> WHAT IS REQUIRED:
Among the entries that follow, locate the line with "Russia, Belarus Athletes" and the line with "4150 Key Thatch". Output those lines and all lines in between, exactly, minus the pictures.

> EXTRACTED RECORDS:
================
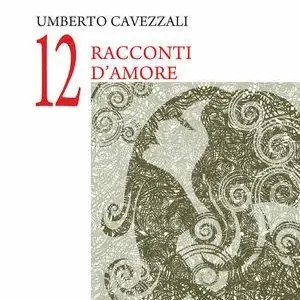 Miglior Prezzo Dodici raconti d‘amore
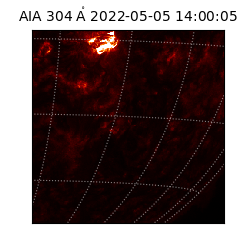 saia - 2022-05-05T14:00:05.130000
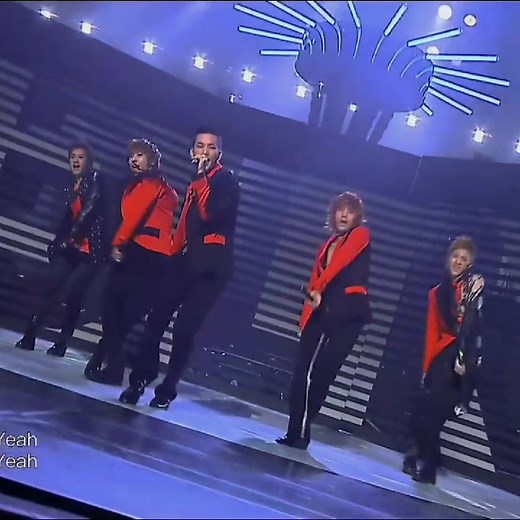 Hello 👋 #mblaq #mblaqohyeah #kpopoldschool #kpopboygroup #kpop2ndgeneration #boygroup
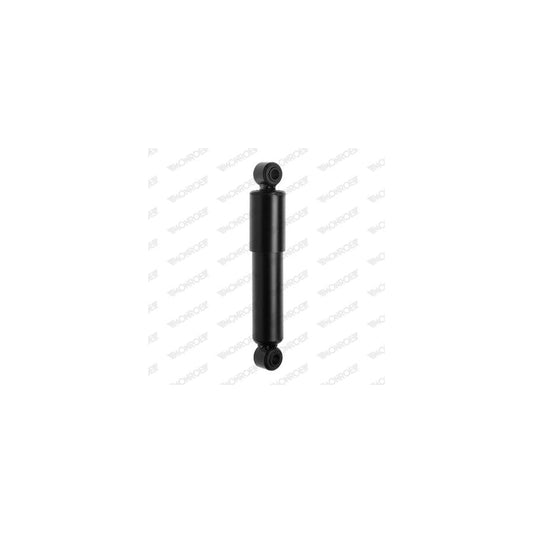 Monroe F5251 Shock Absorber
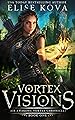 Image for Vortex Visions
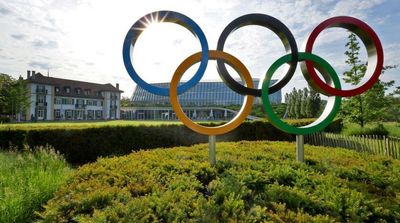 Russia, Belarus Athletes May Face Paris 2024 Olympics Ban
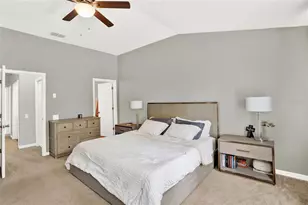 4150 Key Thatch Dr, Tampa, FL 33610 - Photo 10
================
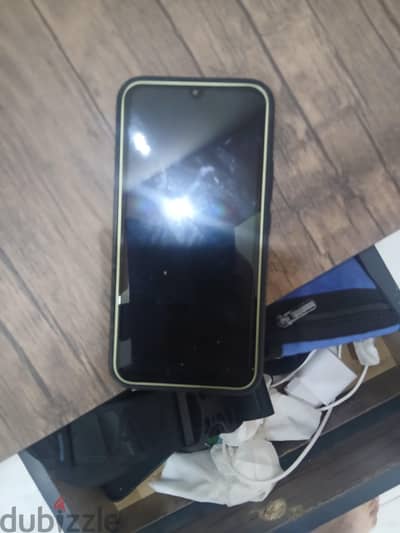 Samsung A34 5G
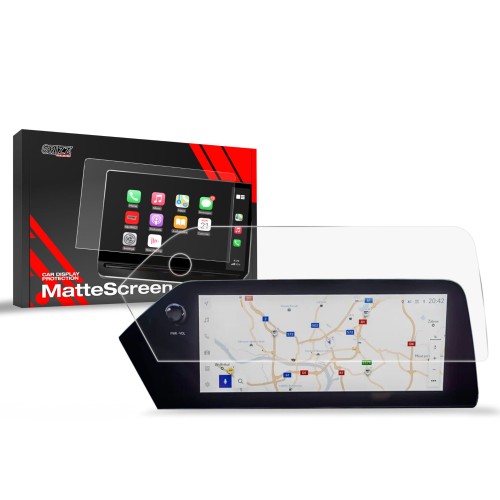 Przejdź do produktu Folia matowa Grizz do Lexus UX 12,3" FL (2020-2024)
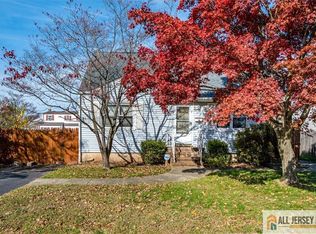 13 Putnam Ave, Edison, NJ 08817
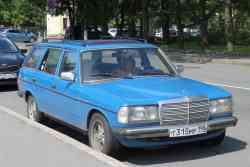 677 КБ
================
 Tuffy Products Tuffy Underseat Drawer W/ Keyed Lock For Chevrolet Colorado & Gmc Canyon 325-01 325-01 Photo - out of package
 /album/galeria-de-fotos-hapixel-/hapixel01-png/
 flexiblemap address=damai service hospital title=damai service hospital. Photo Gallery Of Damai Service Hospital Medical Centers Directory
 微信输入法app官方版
================
> RESPONSE AREA:
 Russia, Belarus Athletes May Face Paris 2024 Olympics Ban
 4150 Key Thatch Dr, Tampa, FL 33610 - Photo 10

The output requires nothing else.